Shimano walczy coraz wyraźniej
Shimano coraz mocniej stara się konkurować z jedenastobiegowymi napędami SRAMA, tym razem wprowadzając parę nowinek do swoich już istniejących grup XT i XTR. Pierwszą nowością jest kaseta XT o sporej rozpiętości 11-46T, która ma odpowiadać potrzebom zawodników enduro. Jej masa ma wynieść 450 g, a sama kaseta będzie kompatybilna zarówno z napędami XT jak i XTR. Warto zauważyć, że Shimano powoli dogania SRAMa oferując w tym przypadku zakres 418% (10-42 ma 420%). Wraz z nową kasetą, na korbach japońskiego producenta wreszcie znajdziemy specjalnie wyprofilowane zęby, które mają zapobiegać spadaniu łańcucha. Nowy system nazywa się DCE (Dynamic Chain Engagement) i będzie stosowany w dwóch nowych zębatkach CRM91 i CRM81. Pierwsza z nich posiada aluminiowe koronki dla zmniejszenia masy, natomiast w drugiej zostały one wyprodukowane ze stali z myślą o zwiększeniu wytrzymałości.

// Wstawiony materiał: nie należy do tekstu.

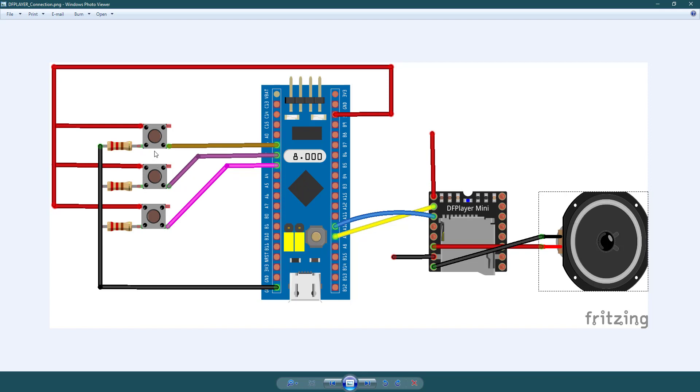This button is for previous selection, this one is for pause or play, and this is for next song selection.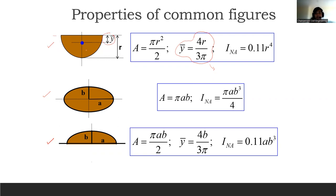You can derive a y-distance by referring it to the bottom part of the shape — you'd still call it y-bar. Even if it's not r/3π, you still have to derive the equation using the transfer formula to relocate the reference.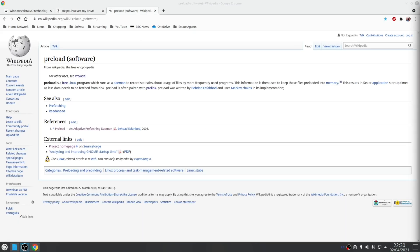Either way, if you want the equivalent to superfetch for Linux then you can install a little application called preload. Now this is actually a daemon that sits in the background and it analyzes your application usage, then based on a report will load the applications that you use most frequently into memory.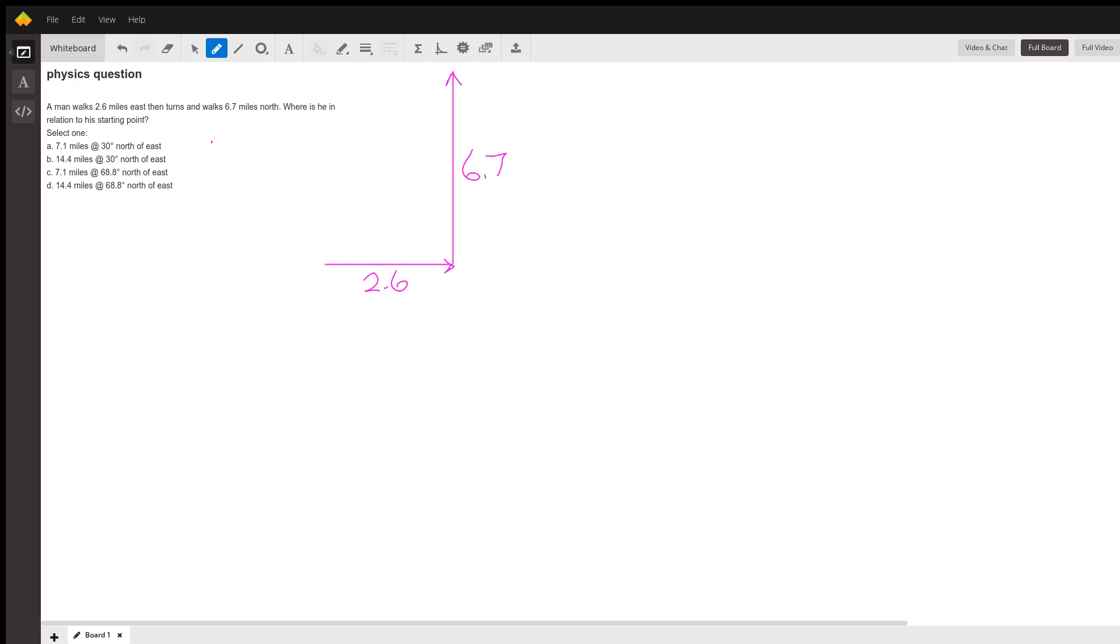So we're going to draw a line from the starting point to where they ended up. And that length of that line will be the displacement from the starting point.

Trzecią, dla niektórych najważniejszą informacją jest, uwaga... spinka do łańcucha! Jak na razie kompatybilna jedynie z łańcuchami 11 – rzędowymi, jednak niesie to nadzieję, że Shimano w końcu przejrzało na oczy i obsługa napędu nie będzie już taka straszna.
W napędach niższych grup dodano bardziej miękkie zestawy koronek w korbach 3x10 i 2x11 z myślą o rowerzystach jeżdżących w stromych terenach. W korbie FC-MT700 znajdziemy przełożenia 34/24t, natomiast w FC-MT500 40/30/22t.
Odświeżono także linię hydraulicznych hamulców z najniższej półki, prezentując modele M365 i M315. Różnica pomiędzy nimi jest taka, że M365 będzie miało aluminiowa klamkę.
Cennik nowych rozwiązań nie jest jeszcze znany.